Saturday, February 15, 2014

Sunday Morning Insight: Phase transitions and sample complexity in Bayes-optimal matrix factorization

We mentioned it before. Some of the advanced matrix factorizations now on the market have the particularity of having sharp phase transitions. This is a reflection that each of these problems are NP-Hard and that a relaxation on the assumptions of the unknowns can yield polynomial complexity algorithms as was the case of compressive sensing with the Donoho-Tanner phase transitions and attendant developments. The authors of the following paper try to devise a similar limit to what is achievable for generic matrix factorizations using Bayes optimal inference. Lenka Zdeborova's presentation at the latest Paris Machine Learning meetup on how to find a needle in a haystack? was in particular focused on clustering, a particular matrix factorization







We analyse the matrix factorization problem. Given a noisy measurement of a product of two matrices, the problem is to estimate back the original matrices. It arises in many applications such as dictionary learning, blind matrix calibration, sparse principal component analysis, blind source separation, low rank matrix completion, robust principal component analysis or factor analysis.
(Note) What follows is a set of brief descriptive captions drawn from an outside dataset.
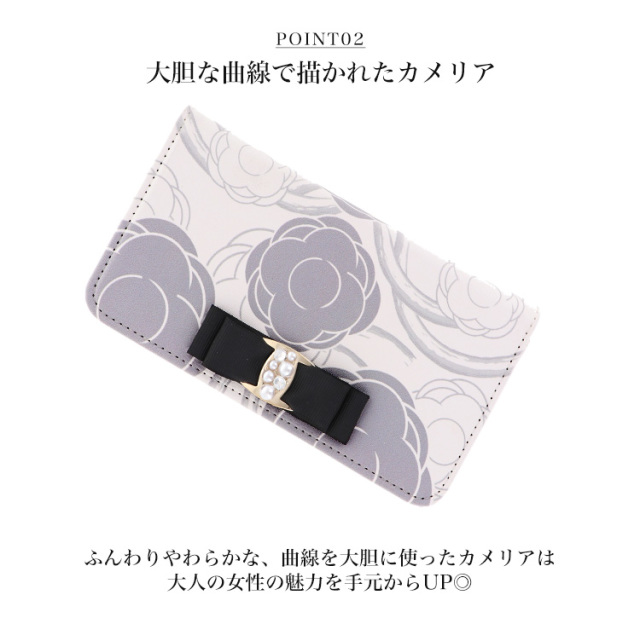 花柄 リボン ベルトなし 全機種対応 手帳型 手帳型ケース ケース スマホ カバー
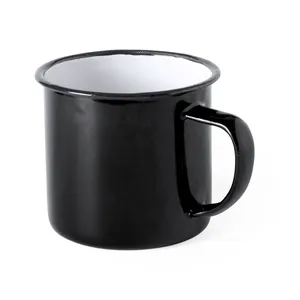 Tazza in Metallo Vintage Wilem, Gadget Personalizzato per Bevande Promozionali - Product Image 4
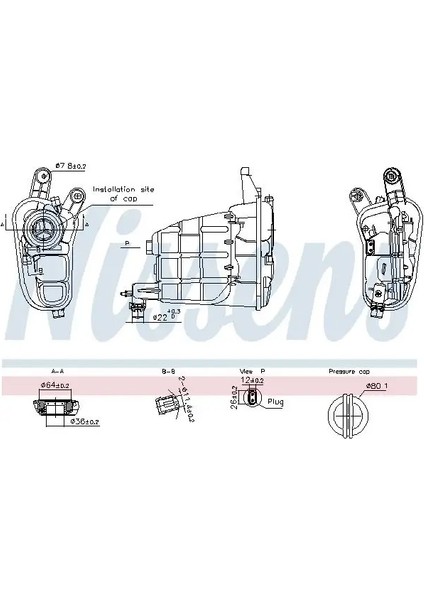 996301 Yedek Su Deposu 8K0121405A 8K0121405E 8K0121405G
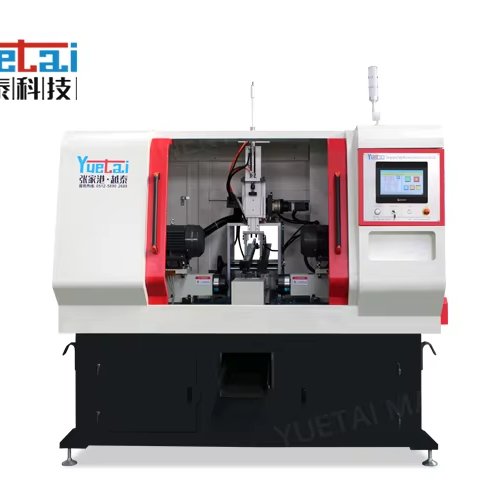 YT-50CNC Hot Sale Stainless Steel Round Tube Pipe Solid Rod Double Head Chamfering Machine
We use the tools of statistical mechanics - the cavity and replica methods - to analyze the achievability and tractability of the inference problems in the setting of Bayes-optimal inference, which amounts to assuming that the two matrices have random independent elements generated from some known distribution, and this information is available to the inference algorithm. In this setting, we compute the minimal mean-squared-error achievable in principle in any computational time, and the error that can be achieved by an efficient approximate message passing algorithm. The computation is based on the asymptotic state-evolution analysis of the algorithm. The performance that our analysis predicts, both in terms of the achieved mean-squared-error, and in terms of sample complexity, is extremely promising and motivating for a further development of the algorithm.